Although joint interventions have shown some potential for improving microgravity-induced bone loss, there is currently insufficient clinical data to determine the effectiveness and safety of different combined intervention modes for bone protection. Further optimization of relevant protocols is therefore required. In the future, longer-term studies should be conducted, and better combinations should be selected using relevant databases and microarray technology to construct novel protection models.

A comprehensive comparison of intervention strategies

In summary, after systematically exploring the ameliorative effects of pharmacological treatments, nutritional supplementation, and exercise interventions on microgravity-induced bone loss, we further analyzed and compared these intervention modalities (Table 5). While these modalities demonstrated certain improvements, differences remained in terms of intervention timing, efficacy, and potential side effects.
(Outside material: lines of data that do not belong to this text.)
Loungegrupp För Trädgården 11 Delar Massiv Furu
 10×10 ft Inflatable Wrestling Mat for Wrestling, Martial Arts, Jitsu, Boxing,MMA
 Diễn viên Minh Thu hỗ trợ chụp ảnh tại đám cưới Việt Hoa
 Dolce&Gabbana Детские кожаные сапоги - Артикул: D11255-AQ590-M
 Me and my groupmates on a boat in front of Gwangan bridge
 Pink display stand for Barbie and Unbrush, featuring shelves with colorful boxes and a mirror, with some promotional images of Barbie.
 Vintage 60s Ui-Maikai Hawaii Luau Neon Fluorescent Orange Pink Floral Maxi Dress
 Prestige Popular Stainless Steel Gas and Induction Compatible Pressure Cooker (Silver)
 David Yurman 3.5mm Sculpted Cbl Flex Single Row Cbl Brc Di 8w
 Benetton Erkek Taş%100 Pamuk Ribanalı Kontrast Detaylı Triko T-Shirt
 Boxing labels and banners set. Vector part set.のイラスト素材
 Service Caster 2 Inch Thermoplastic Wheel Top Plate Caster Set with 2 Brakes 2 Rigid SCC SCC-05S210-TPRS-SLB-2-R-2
In terms of efficacy, pharmacological treatments for microgravity-induced bone loss have primarily focused on inhibiting bone resorption. Anti-resorptive drugs such as bisphosphonates and denosumab target and regulate osteoclast activity and the expression of osteoclast-associated factors, thereby mitigating increased bone resorption caused by stressful mechanical deficits due to microgravity. Additionally, pharmacological treatment rapidly increased BMD in the short term. For instance, bisphosphonate supplementation exhibited anti-resorptive efficacy and significantly down-regulated NTX expression over 15–30 days compared to exercise alone when daily exercise was maintained [19]. Therefore, pharmacological treatments are more suitable for addressing rapid bone loss associated with short-term space missions. However, medications may include toxic side effects. Studies have shown that long-term use of bisphosphonate medications may increase the risk of skeletal disorders such as jaw osteonecrosis [126] and atypical femur fracture [127]. Furthermore, anti-resorptive drug therapy may synergistically inhibit osteoblast differentiation, reducing the rate of bone recovery [128]. Long-term use of denosumab may induce chronic inflammation, cause pharmacologic injury [129], and rapidly lead to renewed bone loss upon discontinuation of the drug [130]. Nutritional supplementation regulates bone homeostasis by providing nutrients related to bone metabolism, such as vitamin D and vitamin K. Nutritional supplementation typically requires a longer duration and is influenced by individual metabolic and absorption capacities. Excessive intake of calcium or vitamin D may induce hypercalcemia and hypercalciuria [131], necessitating strict monitoring of nutritional intake. Compared with pharmacological treatments, exercise interventions primarily promote bone formation by applying mechanical loads to maintain bone homeostasis [96]. Exercise can also effectively improve the function of various tissues in astronauts, including the muscular system [132] and the cardiovascular system [133]. However, given the weak inhibitory effect of exercise on bone resorption and the high dependence on equipment in the space environment, joint interventions such as exercise-pharmacologic intervention or exercise-supplementation combinations may represent better options (Figure 3).

Figure 3:

Comparison of the effects of single intervention and combined intervention on bone loss.